La chronique des changes
Beaucoup d’analystes n’ont pu cacher leur déception face aux nouvelles mesures dévoilées jeudi dernier par Mario Draghi

Alors que le marché rongeait son frein dans l’attente de la vague massive d’assouplissement quantitatif anticipée à l’occasion de la réunion de la Banque centrale européenne (BCE) jeudi dernier, beaucoup n’ont pu cacher leur déception face aux nouvelles mesures concrètes dévoilées par Mario Draghi et ses collègues. Les marchés mondiaux et le marché des devises en particulier, qui attendent désespérément un signe de la banque centrale pour savoir sur quel pied danser.
Dans ce contexte, les principales banques centrales se sont montrées extrêmement prudentes par rapport aux attentes des marchés, en annonçant la plupart du temps leurs intentions de manière très clair dans le but d’éviter les mauvaises surprises. À l’exception peut-être de la Banque du Japon, qui a pris de court le marché à deux reprises en allant plus loin que les mesures d’assouplissement annoncées, mais ce avec une telle dextérité qu’elle a profité de l’effet de surprise pour renforcer l’impact de sa politique.
Mais la réunion de la BCE la semaine dernière est pour moi le cas le plus flagrant rencontré dernièrement sur les marchés d’une promesse non tenue, à l’opposé des habitudes de Mario Draghi. Les mesures annoncées ont clairement déçu des marchés trop offensifs sur tous les fronts. La BCE n’est pas parvenue à accroître le rythme des achats et n’a fait que prolonger le programme de six mois, tout en réduisant moins que prévu le taux de facilité de dépôt. Et avant tout, la BCE n’a fait qu’attiser la flamme des experts, qui s’attendaient à une initiative de plus grande ampleur. La réaction du marché ne s’est pas fait attendre: le taux de change euro/dollar a bondi de 3%, soit la deuxième plus forte progression en un seul jour de l’histoire de la finance, et la plus importante depuis six ans.

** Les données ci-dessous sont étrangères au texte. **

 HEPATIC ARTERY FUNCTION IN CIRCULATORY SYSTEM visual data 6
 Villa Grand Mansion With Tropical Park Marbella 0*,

Il est possible d’interpréter de deux manières les annonces de Mario Draghi. Soit la zone euro montre de vrais signes de reprise et cette intervention politique, la dernière a priori, est destinée à garantir un rythme d’inflation suffisant pour les deux prochains trimestres afin d’éradiquer tout risque déflationniste au niveau du cours des matières premières. Soit Mario Draghi voulait en fait un programme de plus grande ampleur, mais les partisans de la prudence au sein du conseil des gouverneurs de la BCE l’en ont empêché, mettant un point final aux perspectives d’un nouvel assouplissement de la part de la BCE, à moins d’un effondrement des chiffres en Europe.
Quelle que soit l’interprétation adoptée, cette réunion de la BCE a modifié les perspectives de la «divergence des politiques monétaires», ce qui a permis de faire passer le taux de change euro/dollar de plus de 1,30 à moins de 1,10 ces quinze derniers mois. A partir de maintenant, l’écart entre les politiques de la BCE et de la Fed va continuer de se creuser, ce qui permettra à Janet Yellen de remonter les taux de la Fed l’an prochain à un rythme plus élevé que les 50 points de base par an environ escomptés actuellement par le marché.